** SUPPLIED MATERIAL follows **

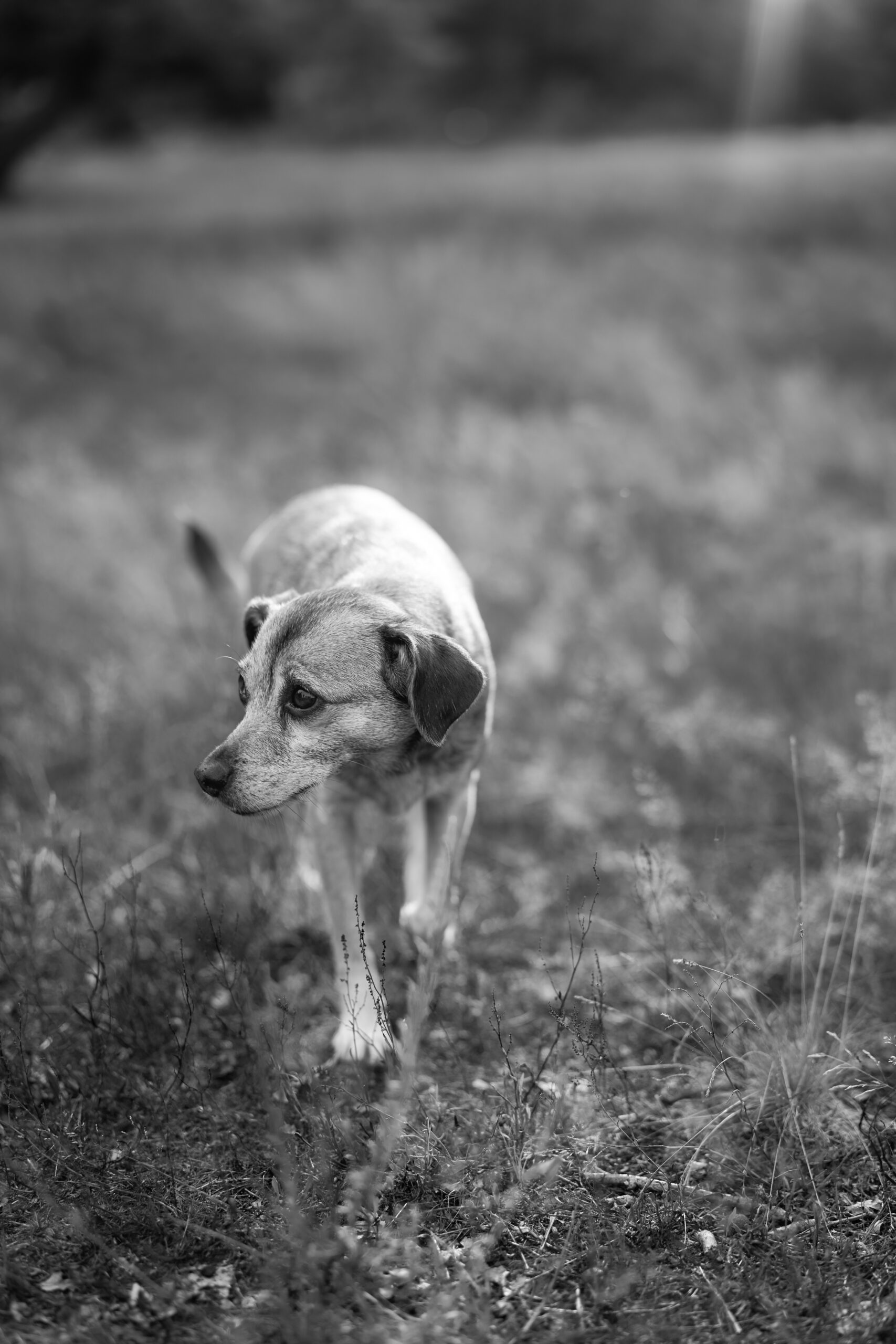 Schwarz - weiß Bild - Hund läuft auf Wiese und schaut nach rechts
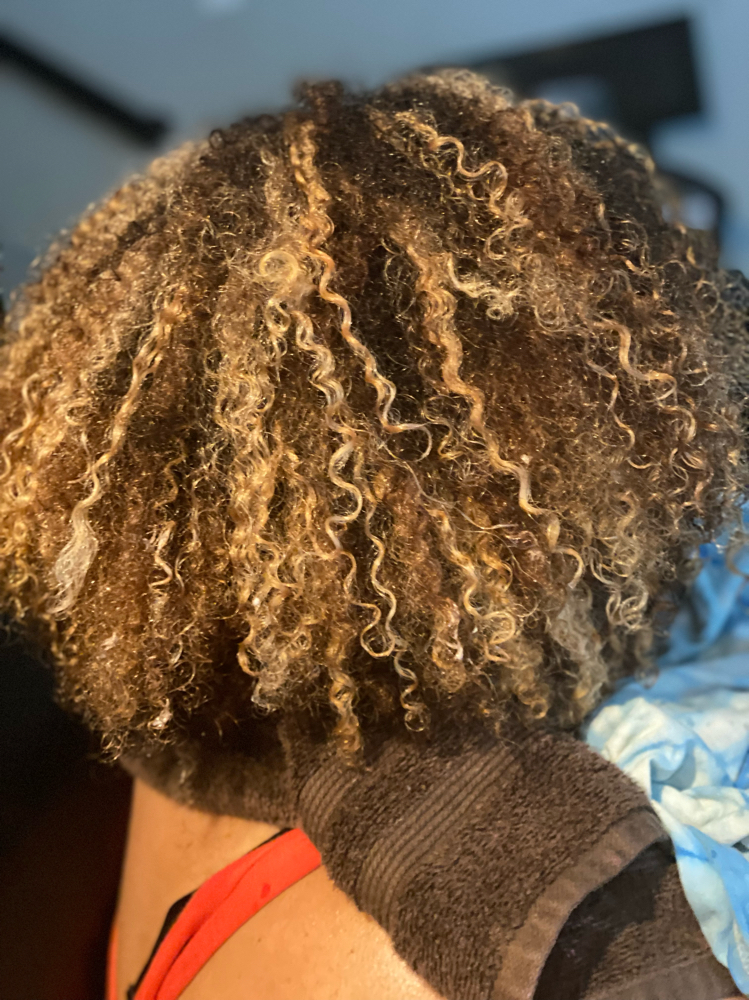 Full Head highlights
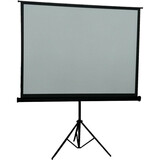 Inland 100" Projection Screen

** End of SUPPLIED MATERIAL **

### WHAT YOU ARE ASKED TO DO
Please repeat every line from the listing above exactly as it appears. Drop the pictures.

### WRITTEN SOLUTION
 Schwarz - weiß Bild - Hund läuft auf Wiese und schaut nach rechts
 Full Head highlights
 Inland 100" Projection Screen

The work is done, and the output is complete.